*What to work on:*
Each entry below is to be duplicated precisely.

--- Data listing Enclosed Below ---

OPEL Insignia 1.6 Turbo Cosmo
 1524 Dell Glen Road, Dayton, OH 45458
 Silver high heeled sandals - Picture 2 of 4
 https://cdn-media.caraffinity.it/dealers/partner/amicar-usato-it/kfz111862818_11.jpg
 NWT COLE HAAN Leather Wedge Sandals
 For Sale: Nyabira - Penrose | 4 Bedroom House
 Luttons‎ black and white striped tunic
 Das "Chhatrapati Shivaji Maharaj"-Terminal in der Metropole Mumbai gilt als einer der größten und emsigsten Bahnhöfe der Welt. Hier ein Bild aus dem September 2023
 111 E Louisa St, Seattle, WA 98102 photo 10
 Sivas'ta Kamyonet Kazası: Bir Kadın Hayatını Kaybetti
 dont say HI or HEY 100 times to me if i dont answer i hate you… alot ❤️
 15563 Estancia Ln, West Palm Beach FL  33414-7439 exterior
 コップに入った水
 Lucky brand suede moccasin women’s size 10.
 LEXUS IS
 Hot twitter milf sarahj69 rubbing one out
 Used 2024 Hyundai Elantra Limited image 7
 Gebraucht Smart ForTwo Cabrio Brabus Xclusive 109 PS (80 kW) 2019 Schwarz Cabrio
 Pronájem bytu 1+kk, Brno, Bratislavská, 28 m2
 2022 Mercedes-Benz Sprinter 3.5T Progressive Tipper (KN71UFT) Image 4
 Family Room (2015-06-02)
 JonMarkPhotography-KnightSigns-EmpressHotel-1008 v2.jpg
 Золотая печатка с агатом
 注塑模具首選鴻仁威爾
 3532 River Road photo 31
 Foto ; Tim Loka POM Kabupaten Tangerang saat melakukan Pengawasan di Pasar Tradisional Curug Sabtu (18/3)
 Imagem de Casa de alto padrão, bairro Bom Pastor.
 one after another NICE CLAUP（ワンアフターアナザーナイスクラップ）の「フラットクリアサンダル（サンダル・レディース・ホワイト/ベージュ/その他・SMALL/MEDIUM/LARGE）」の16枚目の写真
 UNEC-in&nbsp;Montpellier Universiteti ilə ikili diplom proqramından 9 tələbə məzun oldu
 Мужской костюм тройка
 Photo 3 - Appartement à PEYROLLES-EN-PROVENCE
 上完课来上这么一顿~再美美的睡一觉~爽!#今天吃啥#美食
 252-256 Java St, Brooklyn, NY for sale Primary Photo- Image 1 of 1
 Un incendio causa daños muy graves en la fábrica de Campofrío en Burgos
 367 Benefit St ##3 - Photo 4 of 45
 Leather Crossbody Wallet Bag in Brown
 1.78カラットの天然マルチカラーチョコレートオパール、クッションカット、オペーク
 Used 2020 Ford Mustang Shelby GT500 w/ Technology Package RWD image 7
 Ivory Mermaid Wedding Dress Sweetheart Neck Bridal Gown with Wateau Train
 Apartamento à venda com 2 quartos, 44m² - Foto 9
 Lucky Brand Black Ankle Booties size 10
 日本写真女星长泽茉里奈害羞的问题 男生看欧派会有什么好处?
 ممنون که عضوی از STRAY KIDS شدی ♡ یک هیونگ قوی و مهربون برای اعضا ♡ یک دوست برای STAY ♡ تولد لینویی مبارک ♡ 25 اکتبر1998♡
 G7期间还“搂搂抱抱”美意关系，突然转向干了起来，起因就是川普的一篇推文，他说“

--- End of Enclosed Data listing ---

*Result of this task:*
OPEL Insignia 1.6 Turbo Cosmo
 1524 Dell Glen Road, Dayton, OH 45458
 Silver high heeled sandals - Picture 2 of 4
 https://cdn-media.caraffinity.it/dealers/partner/amicar-usato-it/kfz111862818_11.jpg
 NWT COLE HAAN Leather Wedge Sandals
 For Sale: Nyabira - Penrose | 4 Bedroom House
 Luttons‎ black and white striped tunic
 Das "Chhatrapati Shivaji Maharaj"-Terminal in der Metropole Mumbai gilt als einer der größten und emsigsten Bahnhöfe der Welt. Hier ein Bild aus dem September 2023
 111 E Louisa St, Seattle, WA 98102 photo 10
 Sivas'ta Kamyonet Kazası: Bir Kadın Hayatını Kaybetti
 dont say HI or HEY 100 times to me if i dont answer i hate you… alot ❤️
 15563 Estancia Ln, West Palm Beach FL  33414-7439 exterior
 コップに入った水
 Lucky brand suede moccasin women’s size 10.
 LEXUS IS
 Hot twitter milf sarahj69 rubbing one out
 Used 2024 Hyundai Elantra Limited image 7
 Gebraucht Smart ForTwo Cabrio Brabus Xclusive 109 PS (80 kW) 2019 Schwarz Cabrio
 Pronájem bytu 1+kk, Brno, Bratislavská, 28 m2
 2022 Mercedes-Benz Sprinter 3.5T Progressive Tipper (KN71UFT) Image 4
 Family Room (2015-06-02)
 JonMarkPhotography-KnightSigns-EmpressHotel-1008 v2.jpg
 Золотая печатка с агатом
 注塑模具首選鴻仁威爾
 3532 River Road photo 31
 Foto ; Tim Loka POM Kabupaten Tangerang saat melakukan Pengawasan di Pasar Tradisional Curug Sabtu (18/3)
 Imagem de Casa de alto padrão, bairro Bom Pastor.
 one after another NICE CLAUP（ワンアフターアナザーナイスクラップ）の「フラットクリアサンダル（サンダル・レディース・ホワイト/ベージュ/その他・SMALL/MEDIUM/LARGE）」の16枚目の写真
 UNEC-in&nbsp;Montpellier Universiteti ilə ikili diplom proqramından 9 tələbə məzun oldu
 Мужской костюм тройка
 Photo 3 - Appartement à PEYROLLES-EN-PROVENCE
 上完课来上这么一顿~再美美的睡一觉~爽!#今天吃啥#美食
 252-256 Java St, Brooklyn, NY for sale Primary Photo- Image 1 of 1
 Un incendio causa daños muy graves en la fábrica de Campofrío en Burgos
 367 Benefit St ##3 - Photo 4 of 45
 Leather Crossbody Wallet Bag in Brown
 1.78カラットの天然マルチカラーチョコレートオパール、クッションカット、オペーク
 Used 2020 Ford Mustang Shelby GT500 w/ Technology Package RWD image 7
 Ivory Mermaid Wedding Dress Sweetheart Neck Bridal Gown with Wateau Train
 Apartamento à venda com 2 quartos, 44m² - Foto 9
 Lucky Brand Black Ankle Booties size 10
 日本写真女星长泽茉里奈害羞的问题 男生看欧派会有什么好处?
 ممنون که عضوی از STRAY KIDS شدی ♡ یک هیونگ قوی و مهربون برای اعضا ♡ یک دوست برای STAY ♡ تولد لینویی مبارک ♡ 25 اکتبر1998♡
 G7期间还“搂搂抱抱”美意关系，突然转向干了起来，起因就是川普的一篇推文，他说“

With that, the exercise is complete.